The Egyptian and US military have discussed increasing military cooperation, according to a statement from the Egyptian Army.
The statement came after a meeting between Egyptian Defence Minister Mohamed Zaki and US Central Command Chief Kenneth McKenzie.
According to the state-run Al-Ahram the two militaries discussed Egypt’s efforts to secure peace and stability in the region.
News that Egypt and the US are increasing cooperation, rather than reducing it, will be concerning to the many people who have called on the US to leverage cooperation between the two countries on Egypt’s ability to abide by the rule of law.
The meeting comes not long after the release of dual citizen Mohamed Amashah brought renewed scrutiny on Egypt for its treatment of political prisoners and opposition activists.
After Amashah’s release Pompeo urged Egypt to stop harassing US citizens and their families.
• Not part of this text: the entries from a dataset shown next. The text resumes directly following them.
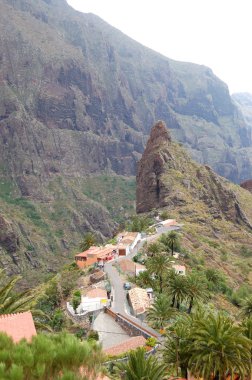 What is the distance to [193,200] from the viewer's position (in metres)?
129

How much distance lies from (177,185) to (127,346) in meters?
91.4

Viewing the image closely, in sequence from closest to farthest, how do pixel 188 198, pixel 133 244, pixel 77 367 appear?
1. pixel 77 367
2. pixel 133 244
3. pixel 188 198

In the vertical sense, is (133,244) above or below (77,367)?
below

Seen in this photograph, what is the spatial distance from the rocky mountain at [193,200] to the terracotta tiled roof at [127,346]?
5899 cm

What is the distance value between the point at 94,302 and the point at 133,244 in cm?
3490

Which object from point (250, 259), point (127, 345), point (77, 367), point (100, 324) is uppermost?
point (77, 367)

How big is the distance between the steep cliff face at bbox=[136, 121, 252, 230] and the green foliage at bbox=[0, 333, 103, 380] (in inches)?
4317

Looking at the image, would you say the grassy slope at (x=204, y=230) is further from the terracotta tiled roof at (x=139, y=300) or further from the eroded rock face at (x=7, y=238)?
the eroded rock face at (x=7, y=238)

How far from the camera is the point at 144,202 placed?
135750mm

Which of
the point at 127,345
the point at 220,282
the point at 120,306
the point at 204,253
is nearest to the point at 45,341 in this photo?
the point at 127,345

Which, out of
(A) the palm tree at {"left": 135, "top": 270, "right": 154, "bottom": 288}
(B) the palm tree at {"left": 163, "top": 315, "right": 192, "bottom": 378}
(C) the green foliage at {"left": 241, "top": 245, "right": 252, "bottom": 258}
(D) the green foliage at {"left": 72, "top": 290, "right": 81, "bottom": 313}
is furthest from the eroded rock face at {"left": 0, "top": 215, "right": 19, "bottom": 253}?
(B) the palm tree at {"left": 163, "top": 315, "right": 192, "bottom": 378}

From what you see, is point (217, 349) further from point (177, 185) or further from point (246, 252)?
point (177, 185)

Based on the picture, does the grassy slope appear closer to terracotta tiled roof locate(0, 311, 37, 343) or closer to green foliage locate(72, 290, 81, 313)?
green foliage locate(72, 290, 81, 313)

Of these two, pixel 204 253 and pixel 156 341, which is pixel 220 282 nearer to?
pixel 204 253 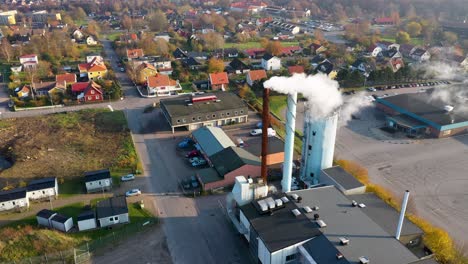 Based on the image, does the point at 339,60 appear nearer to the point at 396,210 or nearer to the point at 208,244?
the point at 396,210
There has been mounting pressure in the US on Pompeo to break Washington’s deafening silence on Egypt’s human rights abuses.
Not long after Pompeo’s rebuke, US Democratic candidate Joe Biden wrote a widely shared post on Twitter promising no more “blank checks for Trump’s favourite dictator” and that “arresting, torturing and exiling activists” and “threatening their families” is unacceptable.
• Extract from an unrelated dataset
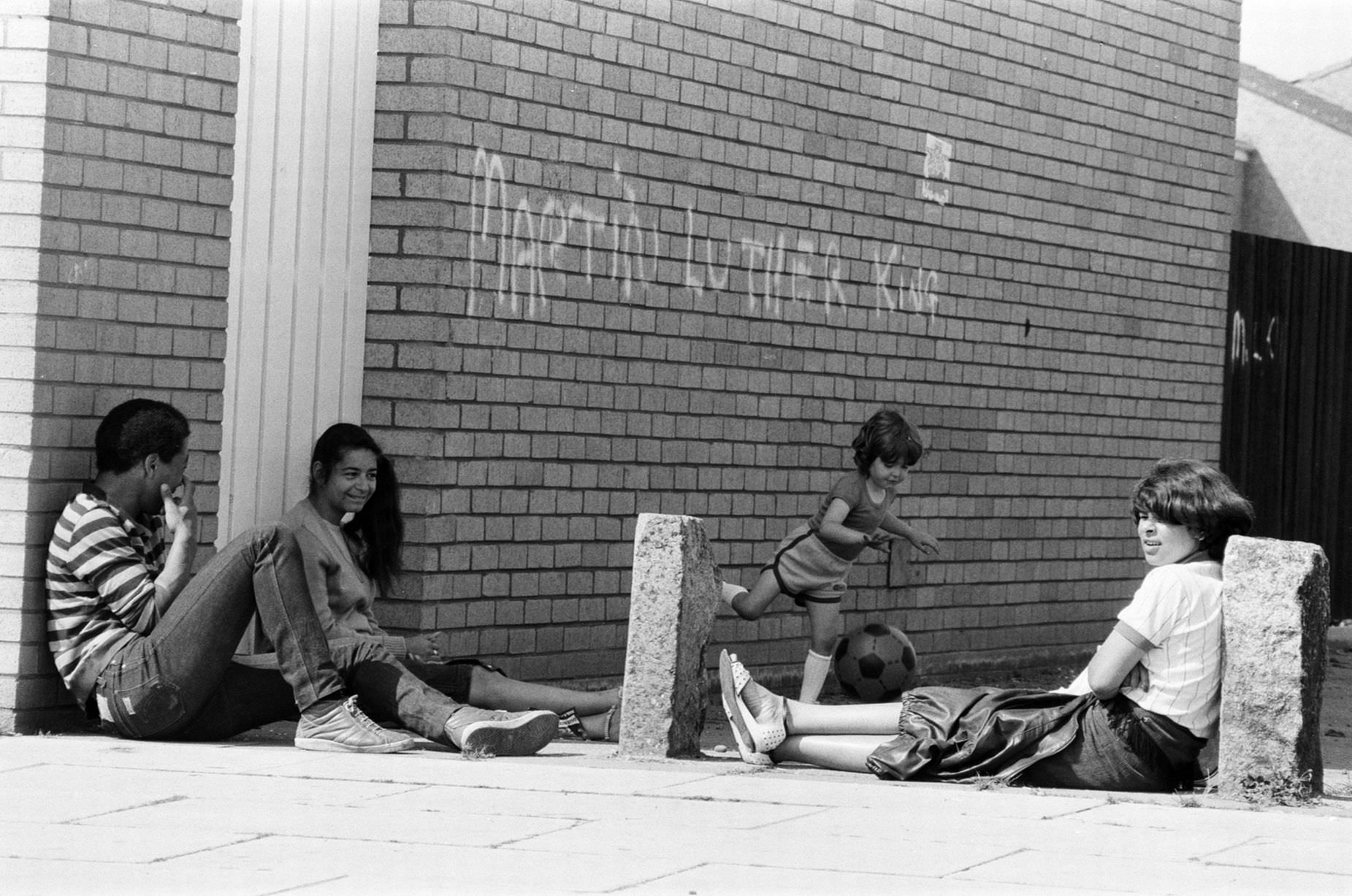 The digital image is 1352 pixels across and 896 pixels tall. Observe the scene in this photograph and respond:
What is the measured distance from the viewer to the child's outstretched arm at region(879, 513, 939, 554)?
873 centimetres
In 2019, at the G7 summit in France, Trump was overheard calling Egyptian President Abdel Fattah Al-Sisi his favourite dictator, which was met with outrage given Egypt’s human rights abuses.
The US is one of Egypt’s key allies, however, not everyone within the US administration is behind Trump in his support.
Whilst Trump himself has been silent in public about the vast scale of rights abuses, lawmakers in Congress pushed to cut hundreds of dollars of military aid to Egypt after Mustafa Kassem became the first US citizen to die in an Egyptian jail in January after he was denied urgent medical care.
A group of foreign policy experts recently asked the US Secretary of State Mike Pompeo to tell Egypt that military aid is at stake unless the regime stops its crackdown on activists, journalists and US citizens.
Contrary to what the Egyptian Army’s statement professes, that Egypt is making efforts to secure peace and stability in the region, the working group for Egypt under the Carnegie Endowment for International Peace, said: “Continued mass violations of human rights increase the prospect of instability in Egypt and threaten US national security interests.”
Since 1980 the US has provided Egypt with $40 billion of military aid, and $1.3 billion a year.